Old Country, New Technology

European shipbuilders collaborating online

Hamburg, Germany and Paris  August 7, 2001  Howaldtswerke-Deutsche Werft AG (HDW), located in Kiel, has announced the migration of their development, engineering and product data management onto digital and integrated processes. To achieve this, Germany's largest shipyard and world market leader in conventional-powered submarines signed an eight-digit euro contract with IBM and CENIT AG Systemhaus. "The migration to e-collaboration will make us much more competitive on an international level," said Hans-Joachim Schmidt, executive board member, HDW. "Not only will we be able to deliver our vessels faster, but we will also increase productivity and quality." This contract is one of the most important shipbuilding contracts for IBM PLM central region and represents for CENIT the largest IT project in its history.

The long-term collaboration agreement between HDW, IBM and CENIT AG covers a package of hardware, software and services. The first stage will include the installation, implementation and user training of 200 IBM workstations equipped with Product Lifecycle Management (PLM) solutions CATIA and ENOVIA 3D design software. Specialized shipbuilding modules will be developed through this collaboration. IBM will supply hardware and software and, together with CENIT, will provide all-encompassing conceptual work and consulting for the introduction. In the first step the implementation will focus on deep-sea marine vessels, such as submarines.

"This agreement represents a new emphasis of IBM's engagement in the shipbuilding industry," said Dr. Manfred Sammet, leader, IBM product lifecycle management Europe Middle East Africa region. "We will soon inaugurate the European Shipbuilding Competency Center in Hamburg to provide optimal support of the whole shipbuilding industry in the area of product lifecycle management for the continuous development and enhancement of industry-specific modules required by the shipbuilding industry."
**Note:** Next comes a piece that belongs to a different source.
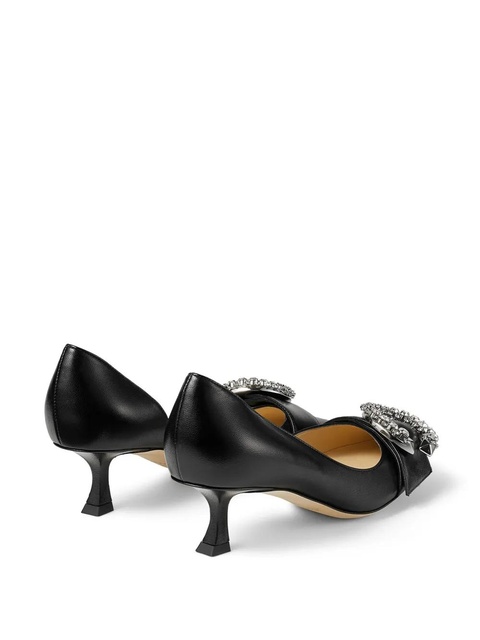 Jimmy Choo 50mm Melva Dorsay leather pumps - Black - zdjęcie produktu nr 1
In the context of increased competition and shrinking defense budgets, European shipyards are finding themselves forced to follow the aerospace industry lead of mergers and consolidation. Shipyards and suppliers will cooperate more closely, both worldwide and around the clock. Engineers, technicians and operations teams will work independently at separate locations, but will share access to crucial development and design date online within their company and supply chains. "Seamless electronic date exchange will be of extreme importance," explained Hubertus Manthey, managing director of CENIT. "There will no longer be a need to have manual exchange of information, as is the case today, since the existing software solutions were not integrated into the shipyard's other systems. With this agreement, this will become obsolete."

The availability of product data will enable the company to reuse existing parts or develop variants based on the digital models, shortening substantially entire phases of the development process. This is especially true regarding the use of modular design, which will be part of the first phase of HDW's implementation for next-generation submarines. Physical models will be replaced by virtual prototypes existing solely on the computer. "If you consider that today before going into production we must build an exact 1/5-scale plastic model for each submarine type. You can imagine the impact this has on the economics of our shipbuilding process as a whole," said Schmidt.